— TASK GOAL —
In the entries below, find the line with "Lucky Clover Tangkak Homestay" and transcribe it and every line after it exactly, through the last line, without pictures.

Captioned web images

┄┄┄┄┄┄┄┄┄┄

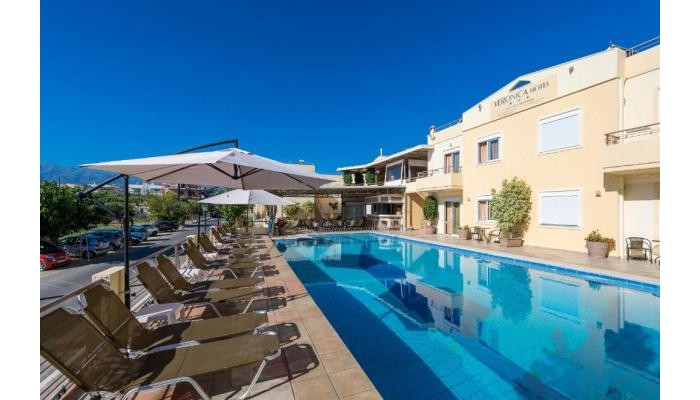 Hotel Veronica poza 19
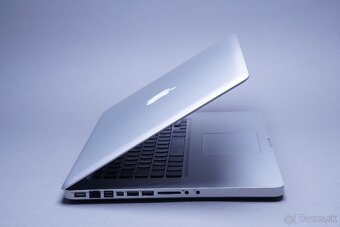 ZÁRUKA/Macbook Pro 15.4"/I7 2.2GHZ/12GB RAM/250GBSSD/CZ - 4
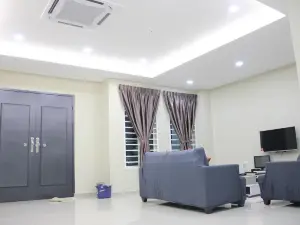Lucky Clover Tangkak Homestay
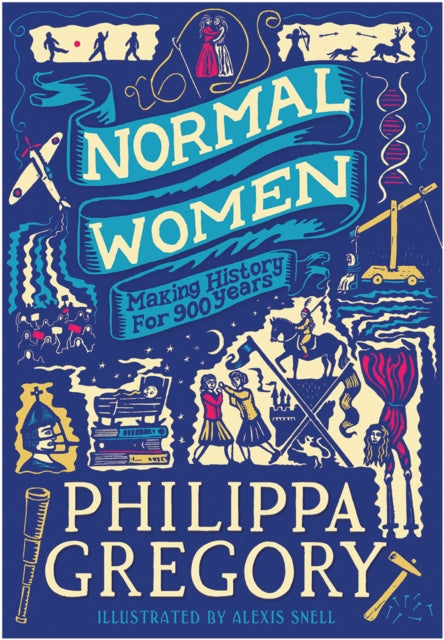 Normal Women by Philippa Gregory (adapted for teen readers)
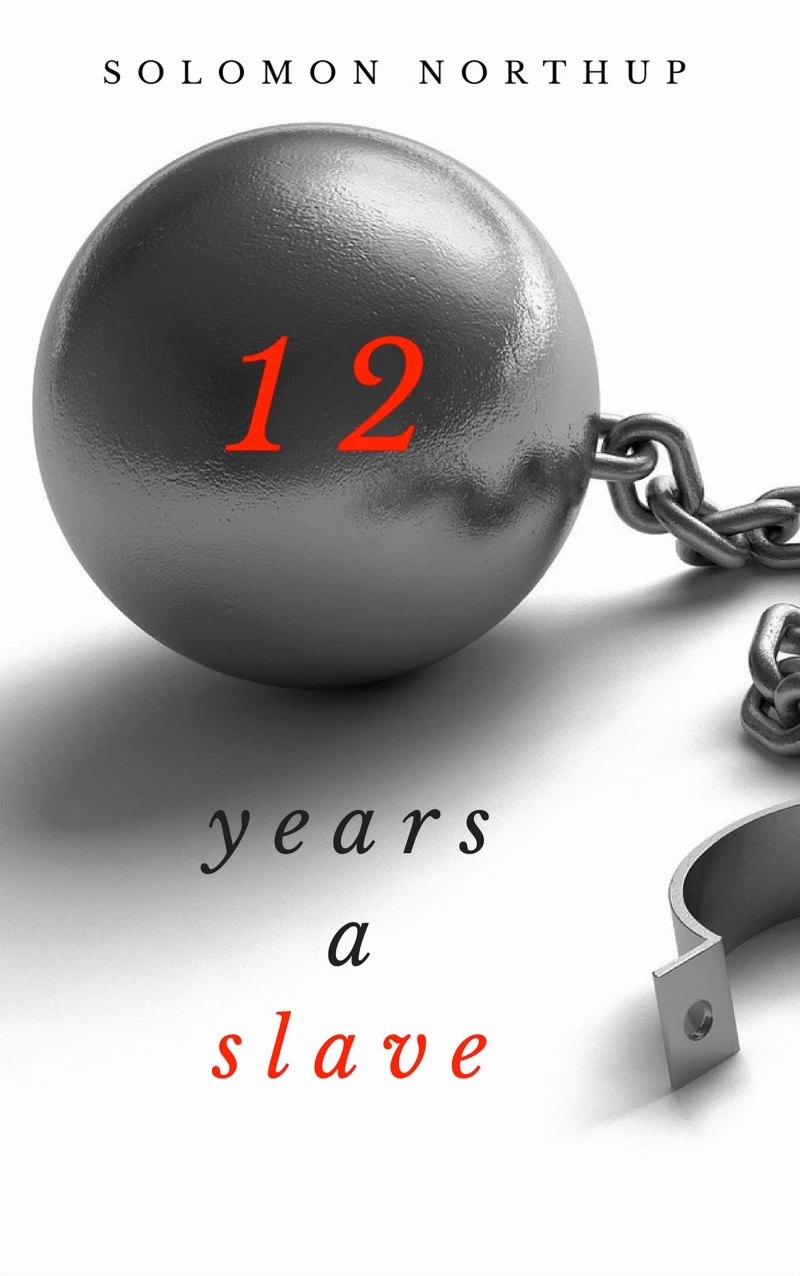 Portada: Twelve Years a Slave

┄┄┄┄┄┄┄┄┄┄

— WRITTEN REPLY —
Lucky Clover Tangkak Homestay
 Normal Women by Philippa Gregory (adapted for teen readers)
 Portada: Twelve Years a Slave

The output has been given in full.